Health care that supports the efforts of  each individual to clarify, pursue, and achieve their health-related goals. The most common health-related goal areas are:

1) Prevention of premature death and disability

2) Maintenance and enhancement of current quality of life

3) Optimization of personal growth and development

4) A good death. 

A foundational assumption of goal-directed health care is that the strategies derived from patient goals are likely to be more effective and efficient than those derived from problem-solving if the outcomes of interest are those that are meaningful to patients. 

Key Definitions:

  • Goal: A desired outcome that can stand on its own merits.
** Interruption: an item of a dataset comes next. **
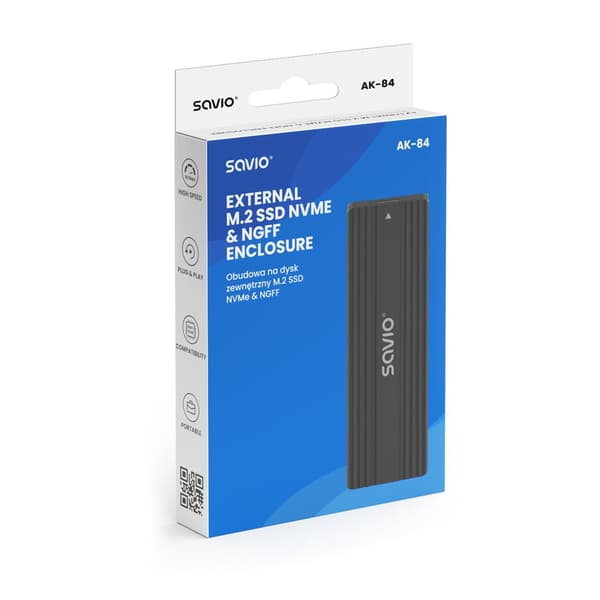 Savio AK-84 M.2 SSD Enclosure Black USB 3.1 Gen 2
That is, it makes little sense to ask, “so that ...?”

  • Objective: A measurable step along the path toward a goal.

  • Strategy: A way to reach the objectives and ultimately achieve a goal. [For example, my 90-year-old mother does balance and leg-strengthening exercises (strategy), in order to be able to walk safely without her walker (objective), so that she can go outside and take care of her plants (her goal).]

  • Obstacle: Anything that gets in the way of the achievement of a goal.

  • Challenge: An optimistic way to think about an obstacle.

  • Opportunity: An even more optimistic way to view an obstacle.

  • Threshold Principle: The idea that nearly all health challenges are the result of combinations of factors, and that, in each case, a threshold exists above which that combination of factors becomes a significant obstacle to achieving a health goal.

  • Prioritization: A ranking of strategies based upon their expected impact and feasibility.

  • Premature death: Death resulting from a potentially preventable cause.

  • Premature disability: Disability resulting from a potentially preventable cause.

  • Life expectancy: The number of additional years a person is expected to live.

  • Health expectancy: The number of additional years a person is expected to live free of disability.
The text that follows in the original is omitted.